__EXERCISE DIRECTIONS__
Your task is to repeat exactly the lines below between the line holding "ファミリールーム, Peraj Guesthouse" and the line holding "5 Bedroom Property", inclusive, and only those.

__DATA FOR THIS TASK__
********************
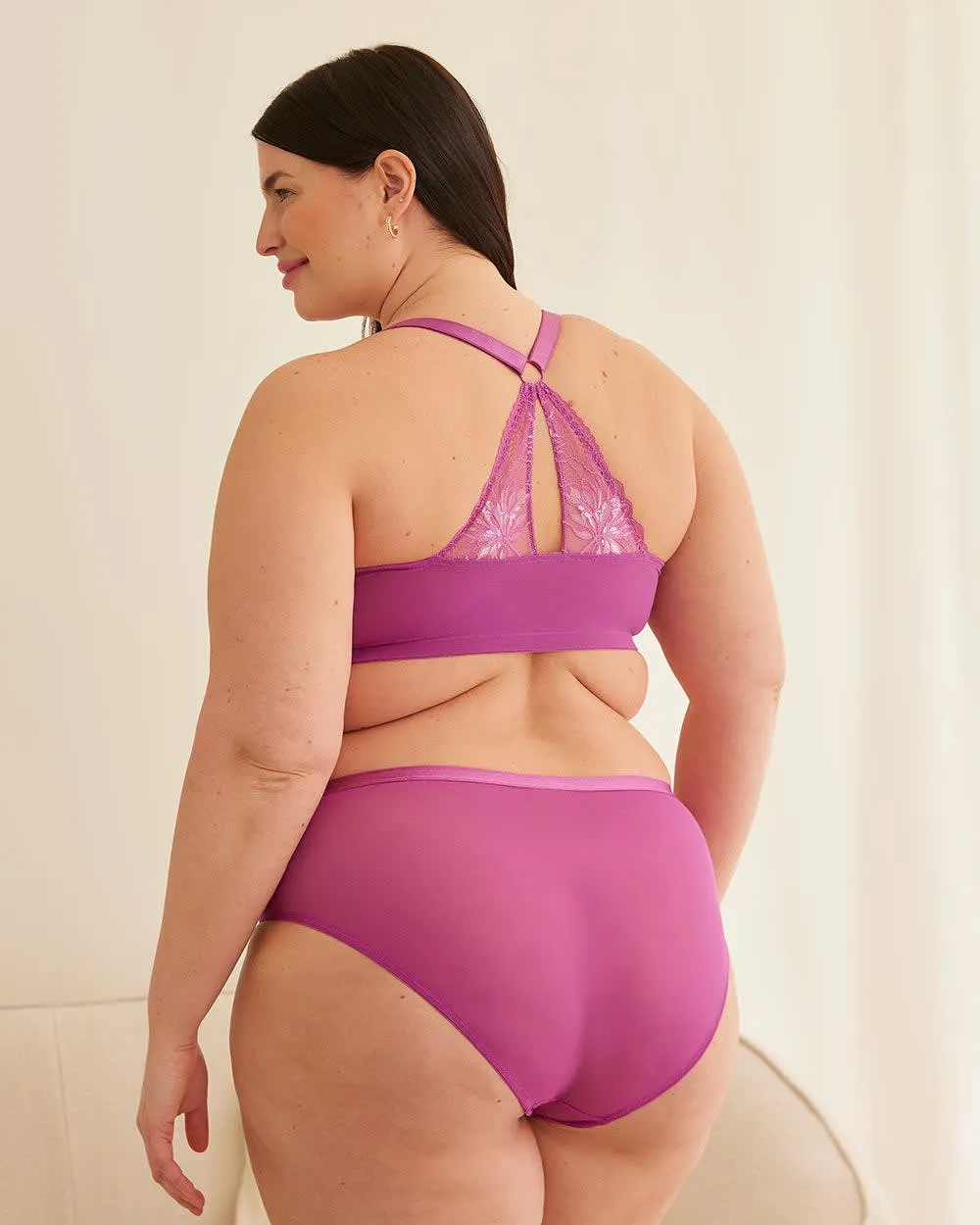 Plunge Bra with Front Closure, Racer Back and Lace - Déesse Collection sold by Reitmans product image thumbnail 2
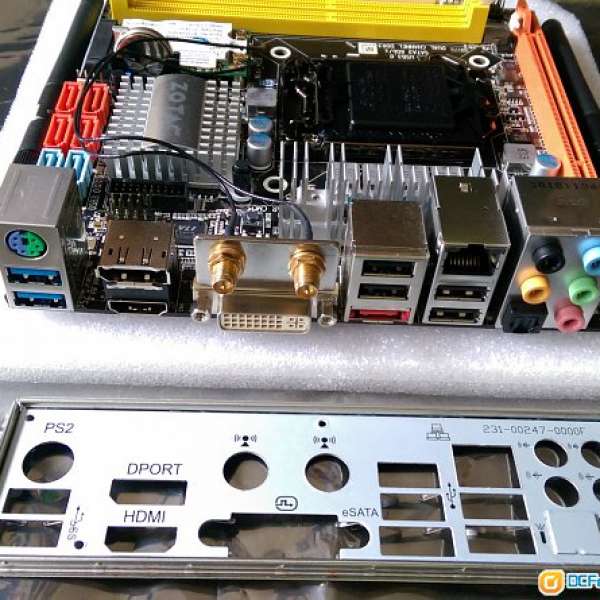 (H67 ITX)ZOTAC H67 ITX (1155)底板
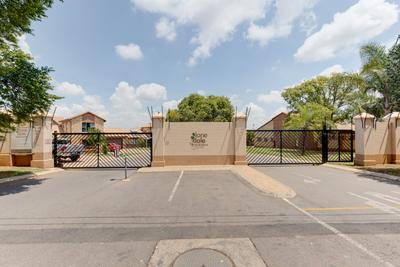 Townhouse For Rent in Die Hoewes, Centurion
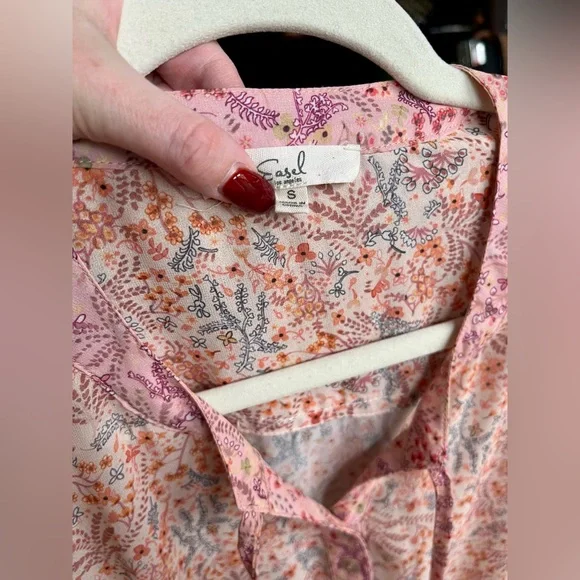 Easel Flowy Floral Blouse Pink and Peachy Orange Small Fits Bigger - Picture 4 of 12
********************
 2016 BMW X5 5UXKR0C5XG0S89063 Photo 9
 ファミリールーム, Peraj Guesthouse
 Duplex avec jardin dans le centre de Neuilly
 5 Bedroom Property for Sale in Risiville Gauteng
********************
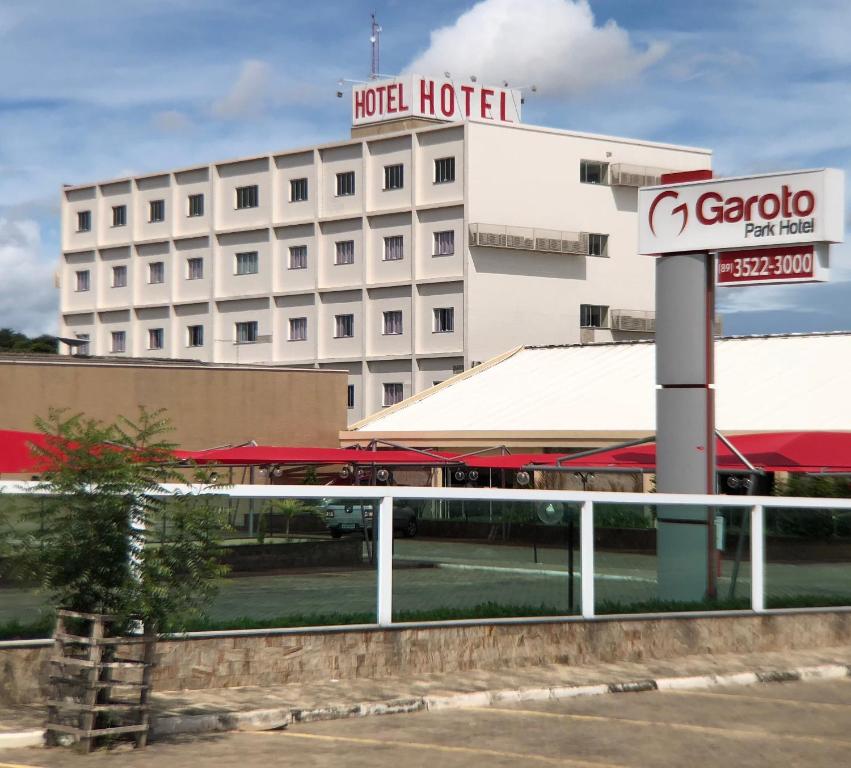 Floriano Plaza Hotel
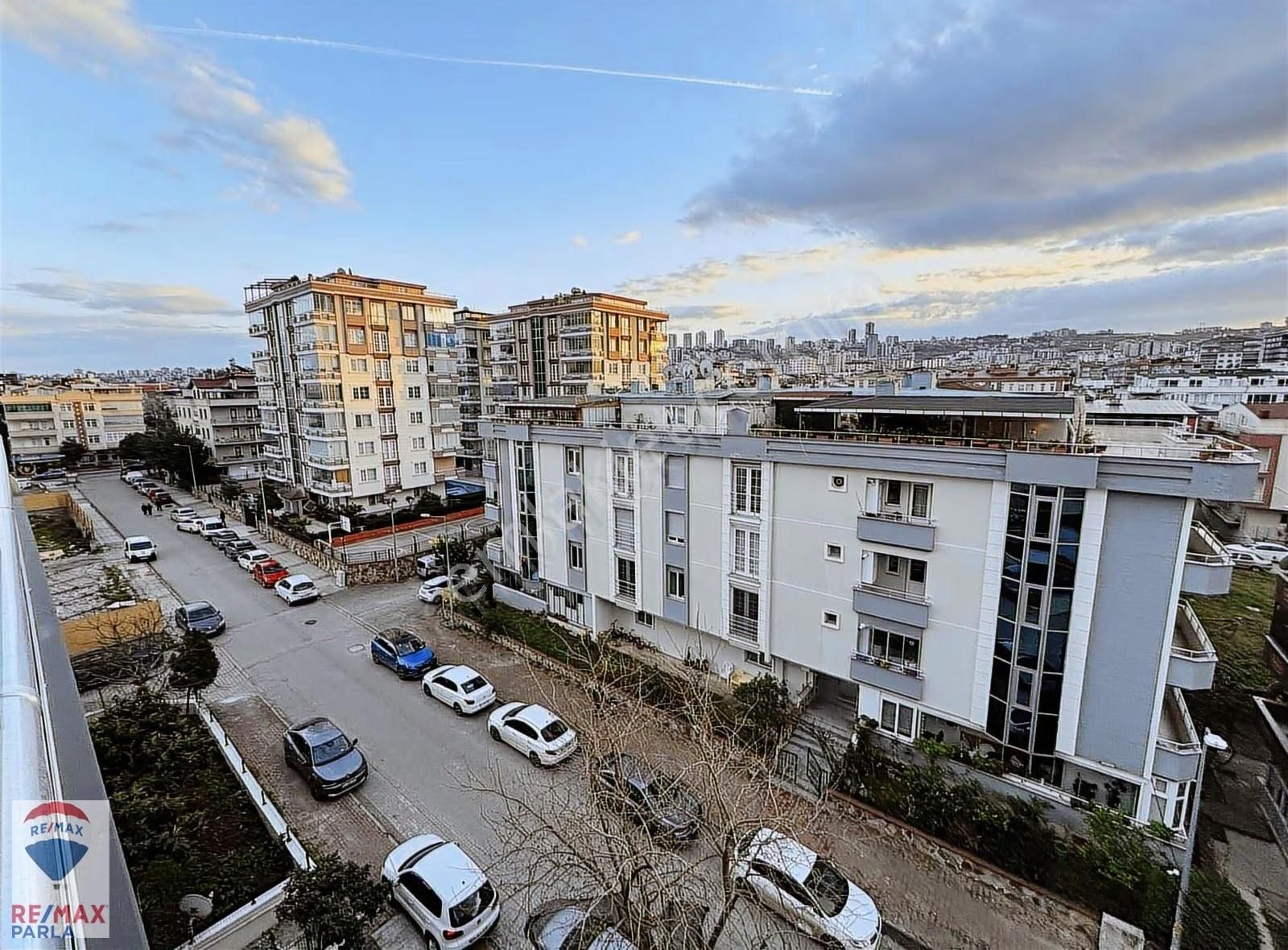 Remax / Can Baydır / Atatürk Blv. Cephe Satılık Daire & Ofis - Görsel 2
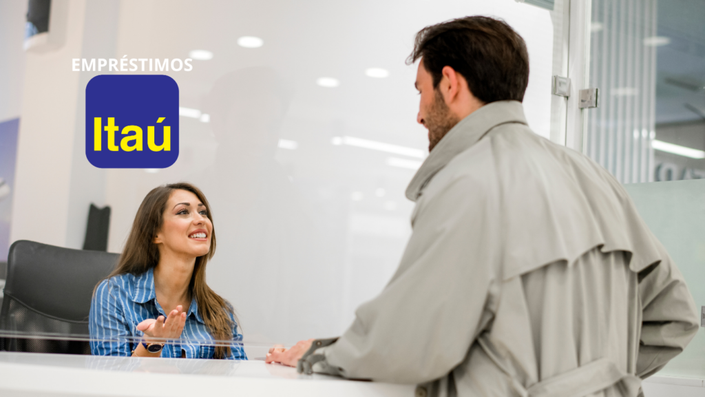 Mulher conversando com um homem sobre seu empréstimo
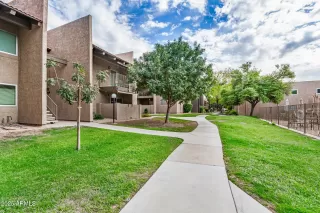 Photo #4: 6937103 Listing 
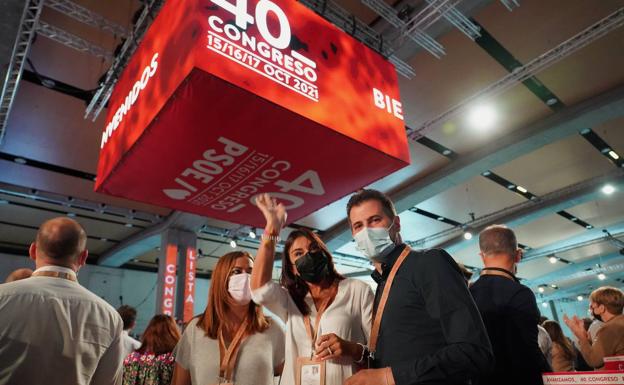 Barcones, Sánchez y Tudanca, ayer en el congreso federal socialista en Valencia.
********************
__TASK SOLUTION__
 ファミリールーム, Peraj Guesthouse
 Duplex avec jardin dans le centre de Neuilly
 5 Bedroom Property for Sale in Risiville Gauteng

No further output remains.